Togo, officially the Togolese Republic, is a country in West Africa. It is bordered by Ghana to the west, Benin to the east and Burkina Faso to the north.

Togo covers 57,000 square kilometres (22,008 square miles), making it one of the smallest countries in Africa, with a population of approximately eight million. 

It is also one of the narrowest countries in the world with a width of less than 115 km (71 miles) between Ghana and its eastern neighbour Benin.

From the 16th to the 18th century, the coastal region was a major trading centre for Europeans to purchase slaves, earning Togo and the surrounding region the name "The Slave Coast". In 1884, Germany declared a region including present-day Togo as a protectorate called Togoland. 

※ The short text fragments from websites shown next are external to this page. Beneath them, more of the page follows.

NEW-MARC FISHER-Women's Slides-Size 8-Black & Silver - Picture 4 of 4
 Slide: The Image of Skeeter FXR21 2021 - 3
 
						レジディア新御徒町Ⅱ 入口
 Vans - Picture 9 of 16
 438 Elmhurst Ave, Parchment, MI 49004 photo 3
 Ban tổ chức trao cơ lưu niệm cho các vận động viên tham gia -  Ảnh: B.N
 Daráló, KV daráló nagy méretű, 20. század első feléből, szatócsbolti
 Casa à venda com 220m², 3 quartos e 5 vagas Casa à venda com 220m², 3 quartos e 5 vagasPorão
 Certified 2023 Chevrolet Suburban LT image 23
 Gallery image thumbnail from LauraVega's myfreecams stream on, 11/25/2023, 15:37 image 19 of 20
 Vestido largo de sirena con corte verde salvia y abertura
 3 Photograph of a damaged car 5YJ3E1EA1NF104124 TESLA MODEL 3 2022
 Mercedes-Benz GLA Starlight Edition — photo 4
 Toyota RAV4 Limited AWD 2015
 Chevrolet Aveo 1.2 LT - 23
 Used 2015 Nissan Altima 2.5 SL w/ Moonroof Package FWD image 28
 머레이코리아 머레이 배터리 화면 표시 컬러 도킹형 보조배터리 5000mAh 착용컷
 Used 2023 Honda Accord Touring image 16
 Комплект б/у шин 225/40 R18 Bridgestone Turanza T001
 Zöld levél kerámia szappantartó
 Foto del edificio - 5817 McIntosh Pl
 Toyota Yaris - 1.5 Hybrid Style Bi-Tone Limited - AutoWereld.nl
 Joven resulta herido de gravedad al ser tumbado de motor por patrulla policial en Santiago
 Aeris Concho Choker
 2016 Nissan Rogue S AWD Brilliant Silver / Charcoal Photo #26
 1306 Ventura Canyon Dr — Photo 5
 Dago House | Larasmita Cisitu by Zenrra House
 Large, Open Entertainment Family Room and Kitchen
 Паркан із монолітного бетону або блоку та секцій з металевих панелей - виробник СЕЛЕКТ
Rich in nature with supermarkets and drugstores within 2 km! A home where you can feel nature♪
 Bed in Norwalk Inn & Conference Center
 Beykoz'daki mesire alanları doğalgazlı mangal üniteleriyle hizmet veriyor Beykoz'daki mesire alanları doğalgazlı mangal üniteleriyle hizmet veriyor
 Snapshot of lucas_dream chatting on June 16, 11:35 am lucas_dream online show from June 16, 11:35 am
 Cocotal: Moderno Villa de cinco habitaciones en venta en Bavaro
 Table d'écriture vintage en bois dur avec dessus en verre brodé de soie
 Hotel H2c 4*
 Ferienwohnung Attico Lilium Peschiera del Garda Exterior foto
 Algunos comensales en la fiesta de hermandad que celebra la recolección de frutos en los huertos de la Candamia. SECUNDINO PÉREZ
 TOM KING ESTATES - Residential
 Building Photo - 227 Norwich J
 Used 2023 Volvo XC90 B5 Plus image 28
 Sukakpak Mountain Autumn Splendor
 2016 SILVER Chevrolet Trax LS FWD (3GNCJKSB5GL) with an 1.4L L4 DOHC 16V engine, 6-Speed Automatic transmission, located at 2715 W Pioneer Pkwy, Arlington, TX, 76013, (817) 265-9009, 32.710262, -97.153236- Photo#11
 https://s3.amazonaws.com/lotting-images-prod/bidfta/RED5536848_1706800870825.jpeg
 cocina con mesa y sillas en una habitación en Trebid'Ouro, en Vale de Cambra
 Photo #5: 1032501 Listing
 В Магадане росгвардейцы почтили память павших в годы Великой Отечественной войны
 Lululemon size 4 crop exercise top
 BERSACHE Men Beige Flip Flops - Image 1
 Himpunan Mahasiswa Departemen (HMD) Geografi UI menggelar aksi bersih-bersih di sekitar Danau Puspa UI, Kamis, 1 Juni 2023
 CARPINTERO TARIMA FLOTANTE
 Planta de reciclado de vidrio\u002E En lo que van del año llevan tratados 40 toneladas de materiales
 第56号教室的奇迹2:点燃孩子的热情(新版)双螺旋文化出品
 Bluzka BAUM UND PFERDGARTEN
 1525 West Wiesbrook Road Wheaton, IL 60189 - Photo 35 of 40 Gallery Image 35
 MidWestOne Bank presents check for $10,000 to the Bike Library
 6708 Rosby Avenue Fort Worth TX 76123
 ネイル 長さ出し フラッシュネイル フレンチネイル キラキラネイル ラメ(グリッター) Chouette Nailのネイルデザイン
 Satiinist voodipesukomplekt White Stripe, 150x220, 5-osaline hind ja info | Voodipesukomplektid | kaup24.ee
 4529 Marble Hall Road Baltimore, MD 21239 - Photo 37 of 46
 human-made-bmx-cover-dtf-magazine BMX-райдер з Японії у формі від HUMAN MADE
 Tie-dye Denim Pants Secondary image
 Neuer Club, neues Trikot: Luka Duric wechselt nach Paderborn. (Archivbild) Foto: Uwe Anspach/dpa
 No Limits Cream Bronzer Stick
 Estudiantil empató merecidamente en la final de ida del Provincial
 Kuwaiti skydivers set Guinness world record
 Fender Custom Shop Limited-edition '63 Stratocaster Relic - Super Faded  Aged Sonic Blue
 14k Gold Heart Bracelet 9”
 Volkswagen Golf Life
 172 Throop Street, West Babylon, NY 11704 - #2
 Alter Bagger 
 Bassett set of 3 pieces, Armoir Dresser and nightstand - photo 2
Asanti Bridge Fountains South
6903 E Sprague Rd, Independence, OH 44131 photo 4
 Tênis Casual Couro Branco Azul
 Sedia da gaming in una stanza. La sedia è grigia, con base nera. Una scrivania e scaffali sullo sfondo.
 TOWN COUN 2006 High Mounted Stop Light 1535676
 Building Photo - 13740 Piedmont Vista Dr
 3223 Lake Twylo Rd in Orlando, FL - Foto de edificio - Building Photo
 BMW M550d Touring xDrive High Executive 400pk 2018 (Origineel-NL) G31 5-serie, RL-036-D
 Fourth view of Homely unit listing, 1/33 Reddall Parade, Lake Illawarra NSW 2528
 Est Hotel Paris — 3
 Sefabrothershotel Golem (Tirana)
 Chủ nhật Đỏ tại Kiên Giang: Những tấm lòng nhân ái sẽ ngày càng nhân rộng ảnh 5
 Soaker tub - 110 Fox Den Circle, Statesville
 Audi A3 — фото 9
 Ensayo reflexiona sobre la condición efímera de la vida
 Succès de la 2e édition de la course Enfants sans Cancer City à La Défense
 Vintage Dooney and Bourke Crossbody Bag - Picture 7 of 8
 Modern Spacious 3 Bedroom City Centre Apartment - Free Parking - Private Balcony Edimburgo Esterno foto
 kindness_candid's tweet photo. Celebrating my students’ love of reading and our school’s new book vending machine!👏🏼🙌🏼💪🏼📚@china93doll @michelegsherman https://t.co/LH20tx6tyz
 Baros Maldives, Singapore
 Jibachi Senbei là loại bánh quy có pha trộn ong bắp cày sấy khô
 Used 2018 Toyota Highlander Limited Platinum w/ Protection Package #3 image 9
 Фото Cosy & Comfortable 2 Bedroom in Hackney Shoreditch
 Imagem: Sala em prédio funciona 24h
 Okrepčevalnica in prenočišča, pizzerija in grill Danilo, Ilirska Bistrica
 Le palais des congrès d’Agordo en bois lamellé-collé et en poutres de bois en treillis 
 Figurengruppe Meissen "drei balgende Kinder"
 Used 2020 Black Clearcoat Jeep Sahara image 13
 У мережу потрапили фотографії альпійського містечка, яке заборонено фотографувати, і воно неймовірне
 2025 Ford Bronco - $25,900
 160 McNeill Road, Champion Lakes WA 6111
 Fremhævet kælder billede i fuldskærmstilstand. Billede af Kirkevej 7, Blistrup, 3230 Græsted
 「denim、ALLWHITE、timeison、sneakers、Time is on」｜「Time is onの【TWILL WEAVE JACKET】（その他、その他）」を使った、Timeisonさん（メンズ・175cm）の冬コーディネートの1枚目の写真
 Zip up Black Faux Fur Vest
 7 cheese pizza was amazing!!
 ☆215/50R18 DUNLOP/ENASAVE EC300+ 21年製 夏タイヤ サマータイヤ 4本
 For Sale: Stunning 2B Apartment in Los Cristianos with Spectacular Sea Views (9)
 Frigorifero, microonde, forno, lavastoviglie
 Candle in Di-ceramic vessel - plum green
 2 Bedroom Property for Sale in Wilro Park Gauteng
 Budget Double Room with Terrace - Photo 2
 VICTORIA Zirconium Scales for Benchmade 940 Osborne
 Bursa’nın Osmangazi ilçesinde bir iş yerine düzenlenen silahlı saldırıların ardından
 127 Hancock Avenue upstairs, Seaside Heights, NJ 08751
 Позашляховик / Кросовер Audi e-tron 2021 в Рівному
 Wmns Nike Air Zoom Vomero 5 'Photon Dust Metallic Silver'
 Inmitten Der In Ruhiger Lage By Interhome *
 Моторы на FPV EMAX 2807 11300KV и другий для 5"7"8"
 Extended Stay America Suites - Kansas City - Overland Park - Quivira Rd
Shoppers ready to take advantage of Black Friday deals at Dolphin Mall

After World War I, rule over Togo was transferred to France. Togo gained its independence from France in 1960. While the official language is French, many other languages are spoken. 

Why visit

I had come to Togo in my official capacity as the Secretary-General of the Pan African Writers Association (PAWA) with its headquarters in Accra, Ghana, for the first edition of the Togo International Writers Conference. 

The conference, which was to discuss the contribution of African Literature to the UN Sustainable Development Goals (SDGs), was also designed to celebrate the World Book and Copyright Day on April 23. With me on the trip were staff of the PAWA Secretariat.

To welcome delegates made up of writers, academics and journalists to Togo was the hardworking and ebullient President of the Togo Writers Association, Professor Germaine Koumealo Anate. 

Prof. Anate, who apart from being the Writers’ President was also a Member of the Togolese Parliament as well as a professor at the University of Lome, was accompanied by her equally efficient officials and members of the Writers Association.

Anate was in high spirits as she welcomed guests to the La Faccia A’Angelo Restaurant, in the middle class Agoue Assiyeye neighbourhood of Lome, capital of Lome that rainy April evening. She had every reason to be a happy woman. After weeks of intensive planning, networking and meetings, the much awaited First Edition of the Togo International Writers Conference had finally taken off. 

As guests filed in to the cavernous and sedate interior of the restaurant for a welcome dinner, there were hearty hand shaking, hugs and jokes as writers and conference delegates were united with old friends while meeting new ones.

After meeting some of my old friends such as President of the Gabonese Writers Association, Eric Bekale, among others, Prof. Anate introduced me to the Keynote Speaker at the conference, Professor Mohougnon Kakpo, a gregarious Professor of Communication as well as a Cabinet Minister from the Benin Republic. 

As we exchanged pleasantries in halting French and English languages, Kakpo informed me that he was also a native doctor. “I am a ‘Babalawo”, he proudly announced as he gleefully pumped my hands in a hearty greeting.